Pictures in the data should be dropped; transcribe exactly the lines from the one that has "Narmada Is Irked" through the one that has "La Policía activa".

BEGIN Input material

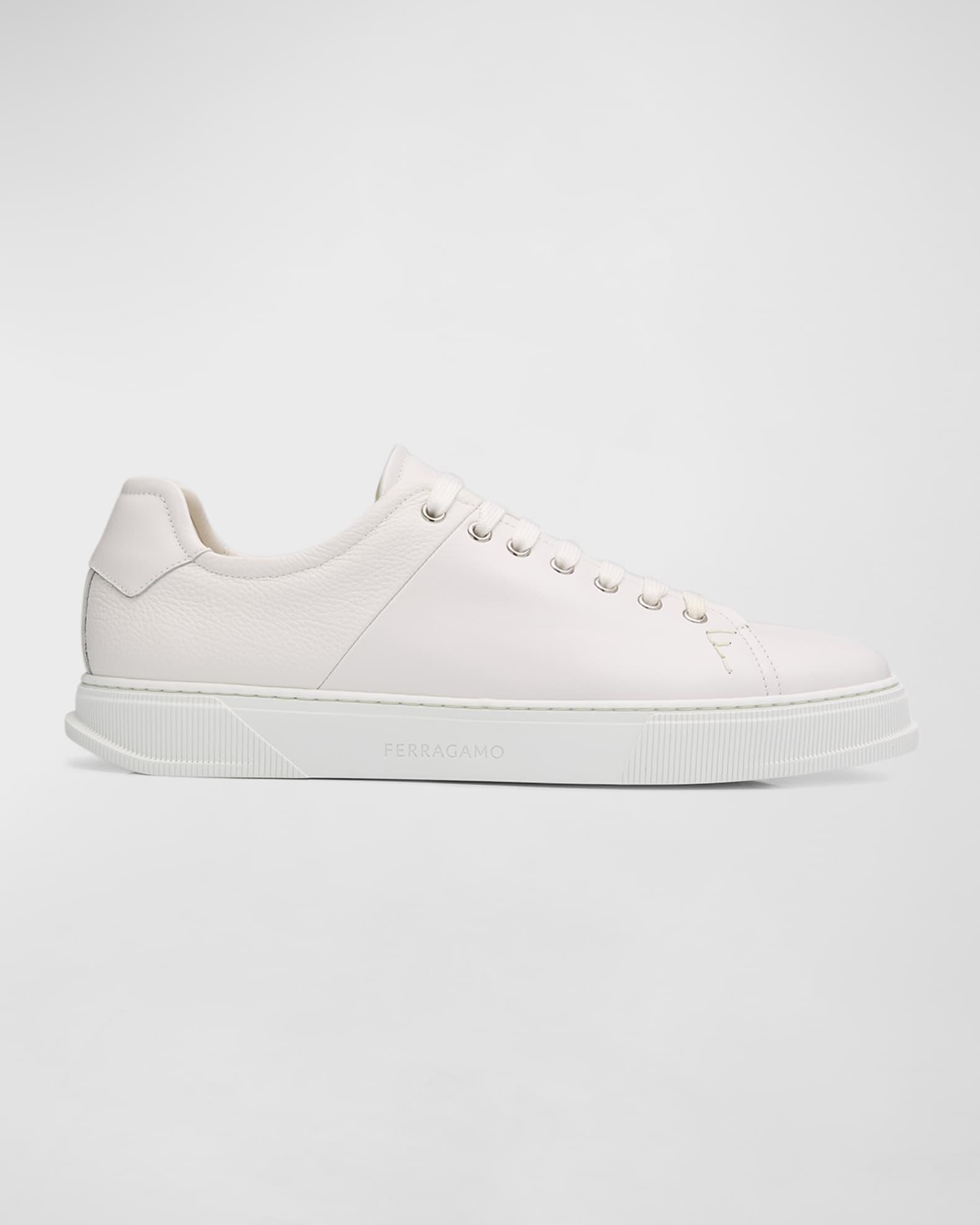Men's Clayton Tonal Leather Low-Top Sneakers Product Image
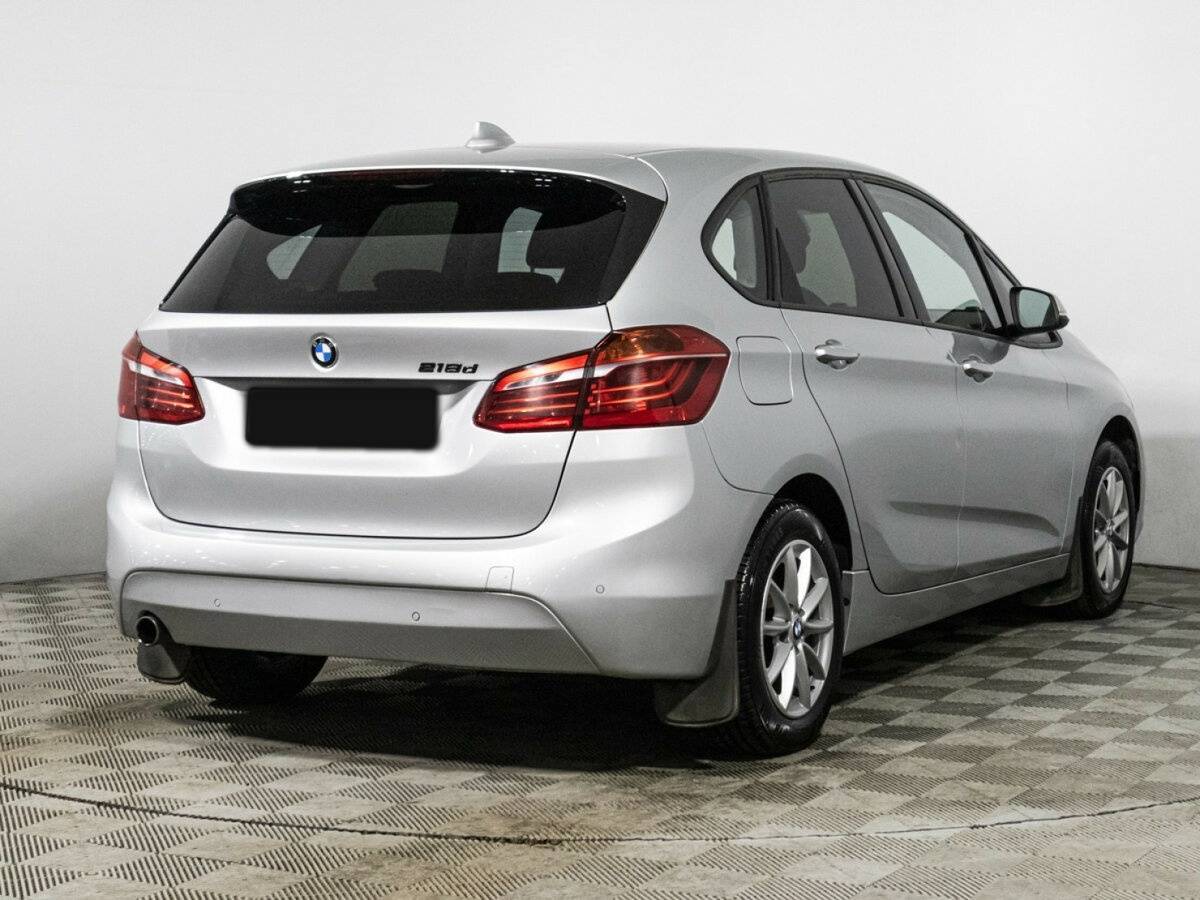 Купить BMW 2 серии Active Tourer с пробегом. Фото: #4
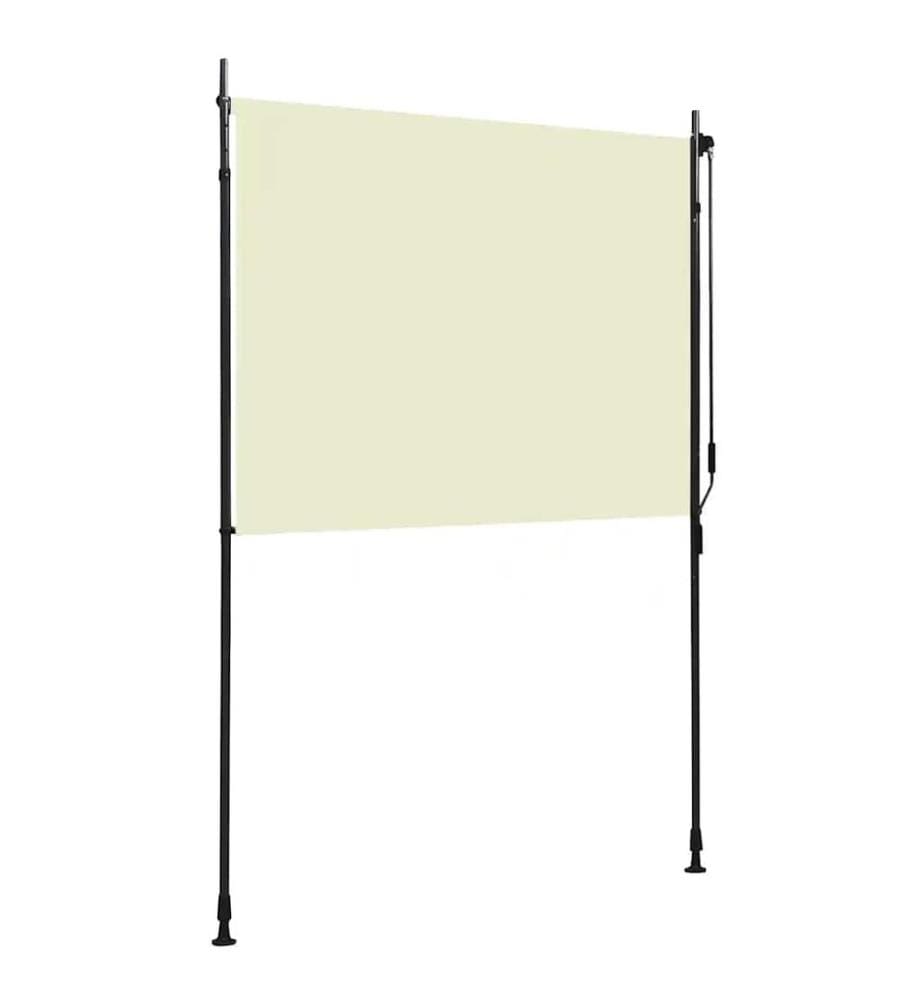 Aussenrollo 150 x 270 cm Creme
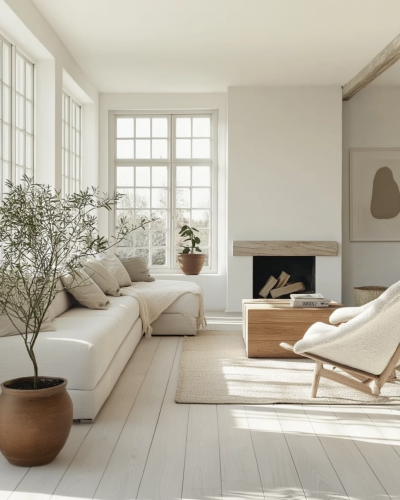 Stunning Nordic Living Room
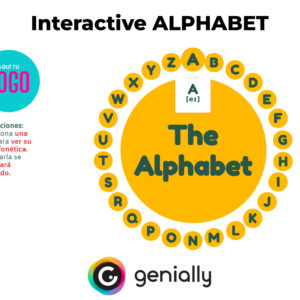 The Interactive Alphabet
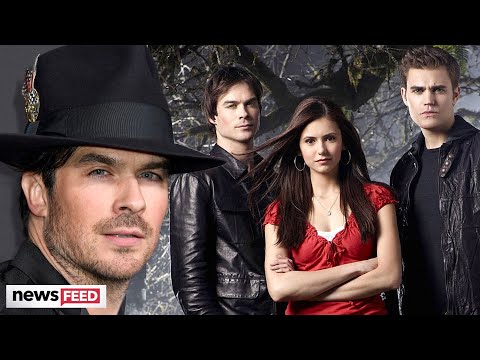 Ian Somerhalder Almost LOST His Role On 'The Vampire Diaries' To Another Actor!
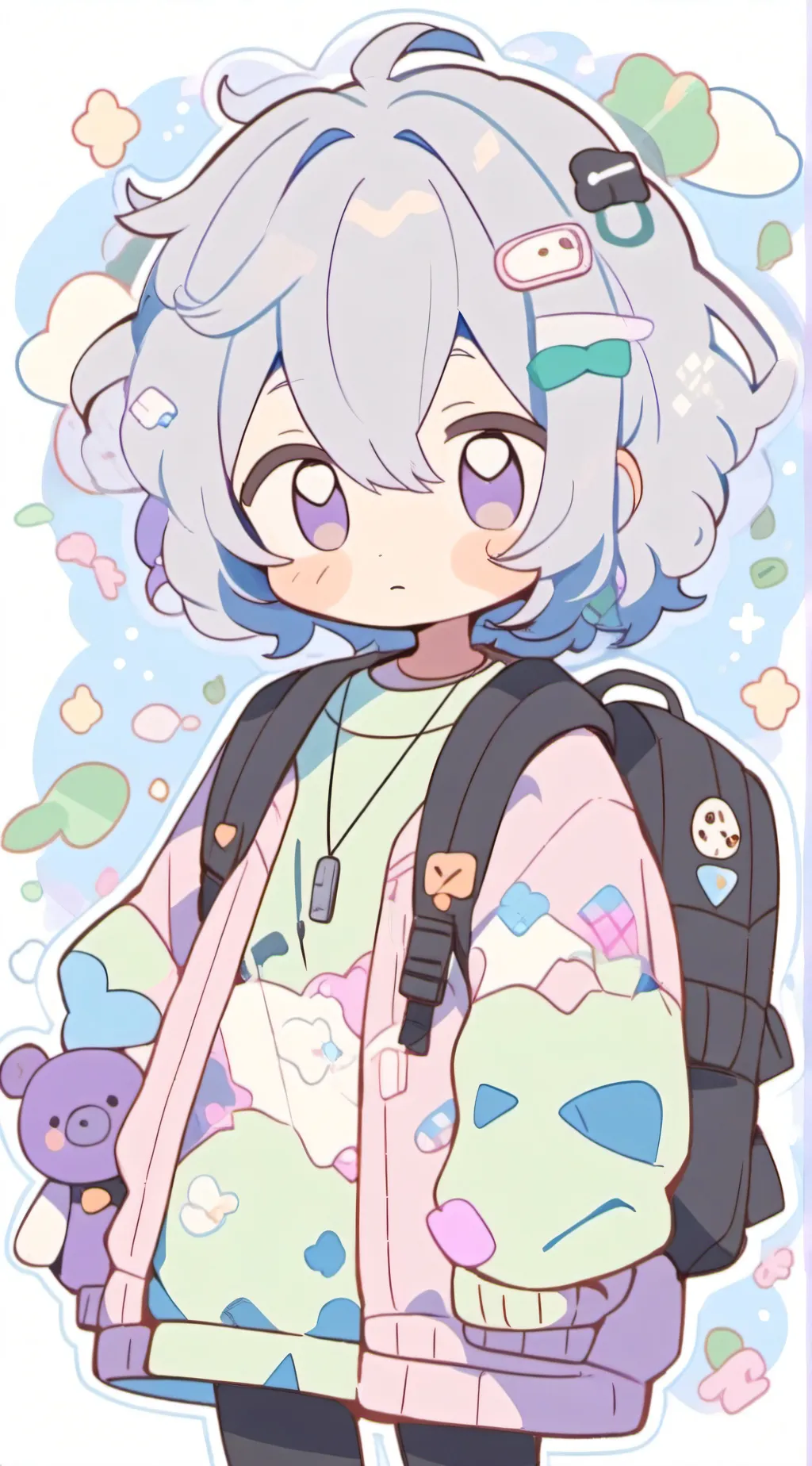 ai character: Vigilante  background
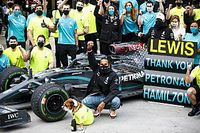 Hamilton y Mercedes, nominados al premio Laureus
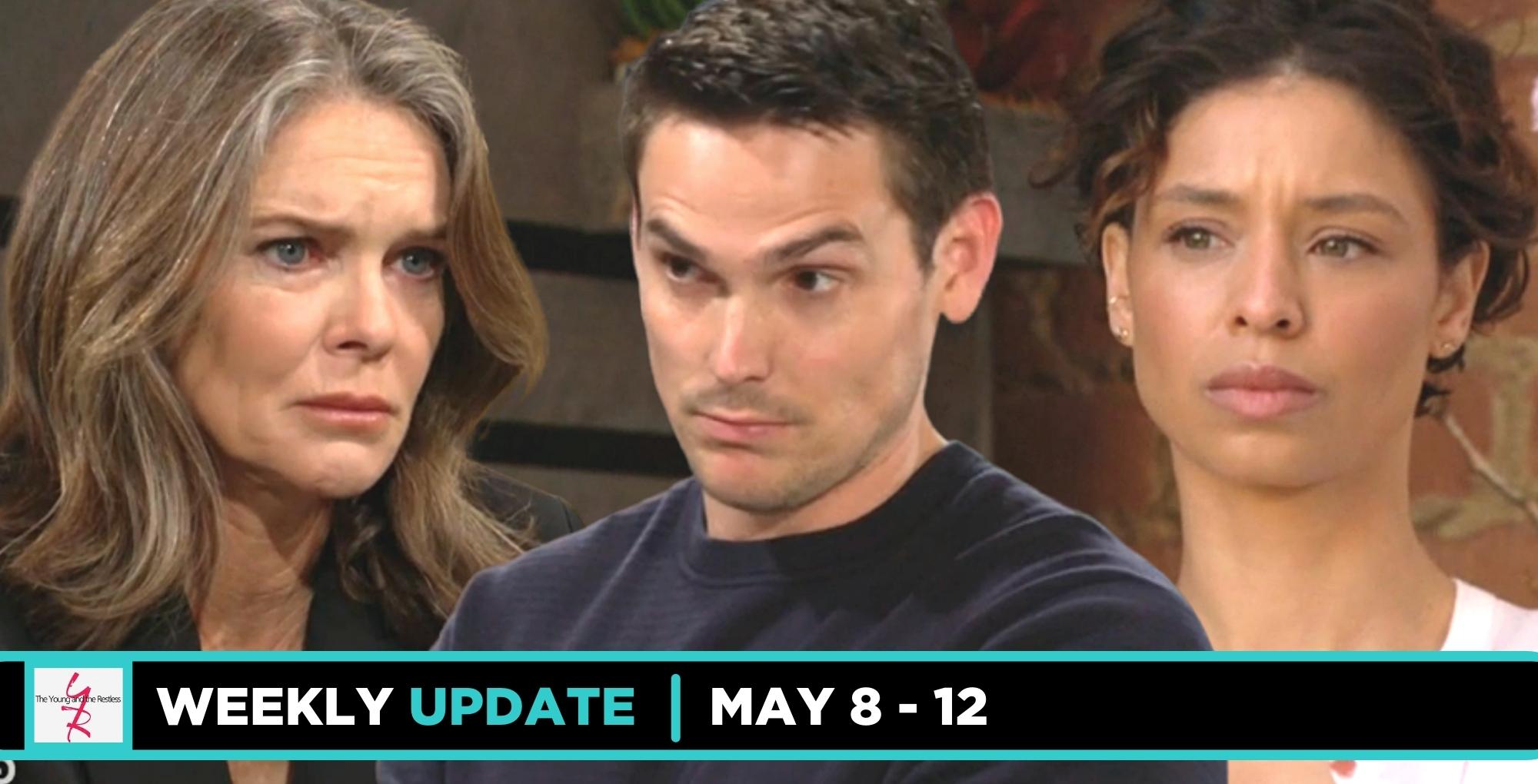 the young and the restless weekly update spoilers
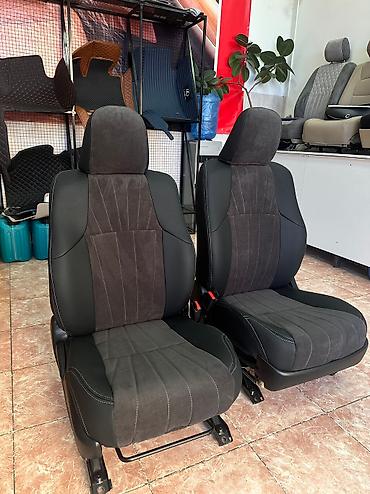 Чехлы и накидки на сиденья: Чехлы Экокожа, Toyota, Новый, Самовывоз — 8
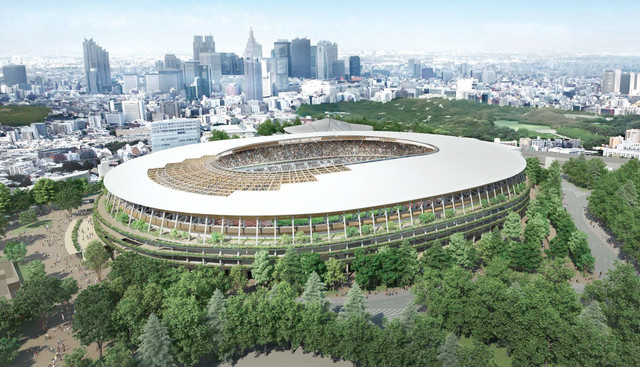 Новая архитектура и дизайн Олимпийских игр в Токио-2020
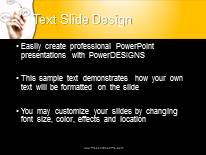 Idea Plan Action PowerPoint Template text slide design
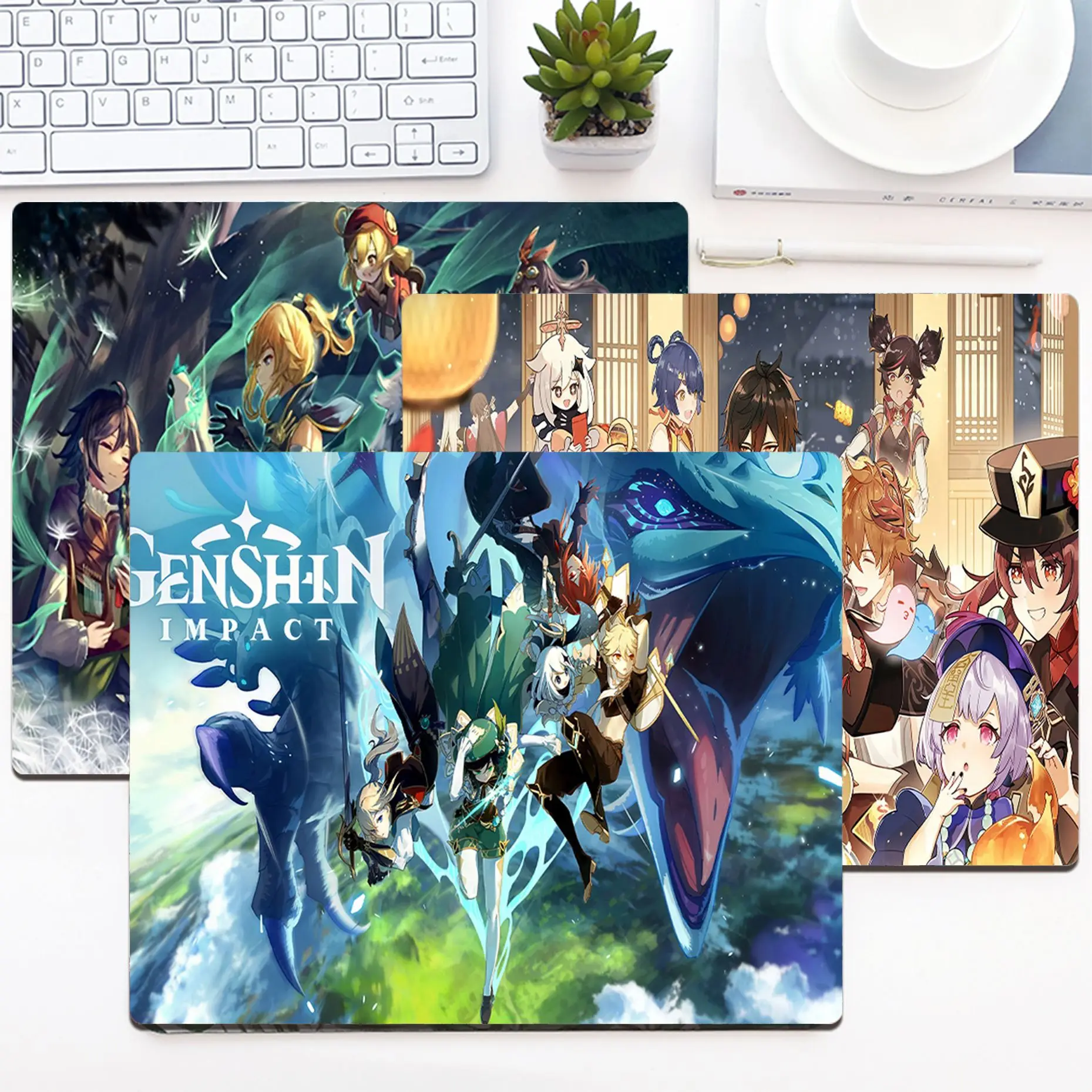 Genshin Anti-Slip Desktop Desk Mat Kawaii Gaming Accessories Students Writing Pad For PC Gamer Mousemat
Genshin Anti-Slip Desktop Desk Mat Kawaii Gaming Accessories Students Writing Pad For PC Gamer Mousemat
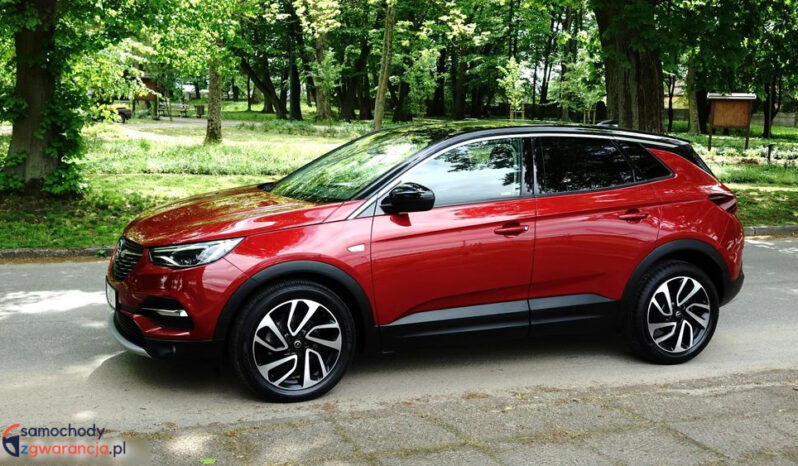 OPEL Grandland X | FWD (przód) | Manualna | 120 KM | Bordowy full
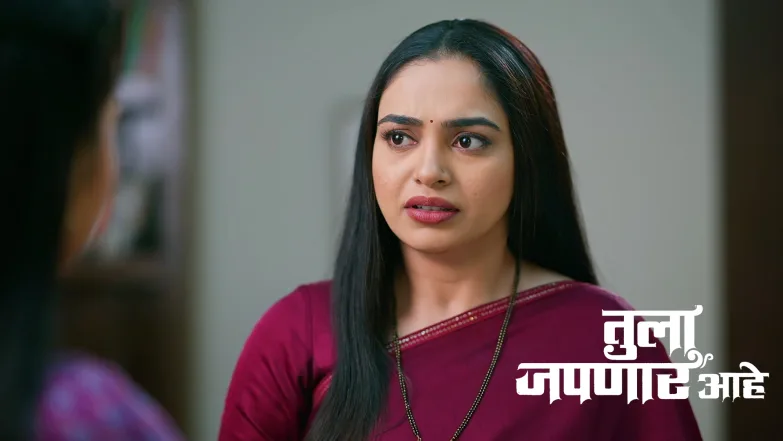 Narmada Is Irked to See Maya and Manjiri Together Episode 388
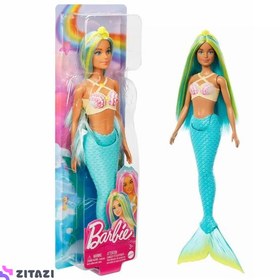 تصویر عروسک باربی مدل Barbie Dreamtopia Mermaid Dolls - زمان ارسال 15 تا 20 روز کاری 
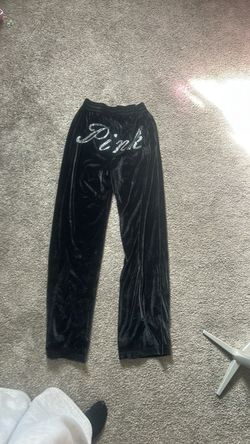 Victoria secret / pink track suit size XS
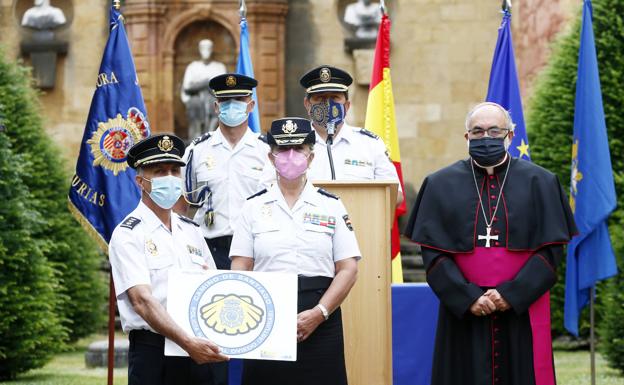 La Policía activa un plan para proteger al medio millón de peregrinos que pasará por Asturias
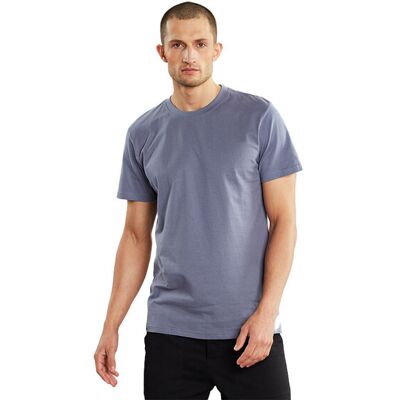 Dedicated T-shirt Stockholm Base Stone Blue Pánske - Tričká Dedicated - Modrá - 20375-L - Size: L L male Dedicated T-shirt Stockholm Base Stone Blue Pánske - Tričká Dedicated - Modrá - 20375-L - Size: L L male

END Input material

### Exercise solution
 Narmada Is Irked to See Maya and Manjiri Together Episode 388
 تصویر عروسک باربی مدل Barbie Dreamtopia Mermaid Dolls - زمان ارسال 15 تا 20 روز کاری 
 Victoria secret / pink track suit size XS
 La Policía activa un plan para proteger al medio millón de peregrinos que pasará por Asturias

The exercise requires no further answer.